Wills — Construction — Devise to husband — Followed by "after that to my children" — Factors considered — Necessity of clear intent to limit estate devised — Fee simple devised.
From the expression "after that to my children," when used by the testatrix after a devise to her husband of her undivided one-half interest in real property of which he was the cotenant, with the belief that the same provisions would give to her husband certain personal property which would produce only a modest income, it does not "clearly appear," as required by Section 2107.51, Revised Code, for the conveyance of a less estate than owned by the devisor, that she so intended.
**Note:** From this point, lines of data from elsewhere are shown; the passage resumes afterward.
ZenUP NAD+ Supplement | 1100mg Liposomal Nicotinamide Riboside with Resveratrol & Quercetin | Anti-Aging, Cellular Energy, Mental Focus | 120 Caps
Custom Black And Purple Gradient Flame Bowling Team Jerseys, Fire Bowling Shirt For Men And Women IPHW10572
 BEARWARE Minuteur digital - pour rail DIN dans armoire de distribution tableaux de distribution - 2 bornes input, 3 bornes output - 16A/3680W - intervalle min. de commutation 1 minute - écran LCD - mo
Mr. L. Frank Wharton, for plaintiff.
Mr. Joel M. Garver, for guardian ad litem.
William E. Kohout, Jr., has filed a petition to construe the will of his late wife, Daisy Laura Kohout, who died on March 22, 1964. In addition to her husband, Mrs. Kohout was survived by their two minor children, and by her mother, Mrs. Harvey Butler.
The will, which was drawn without the aid of counsel, contains the following items, which we are asked to construe.
"Item 2. I direct that all of the property and possessions listed below go to my husband William Earl Kohout and after that to my children Patricia Roger Kohout.
"Said property to consist of 7240 State Rd., house acreage, 6606 Orchard Ave., house lot insurance policies and bank accounts.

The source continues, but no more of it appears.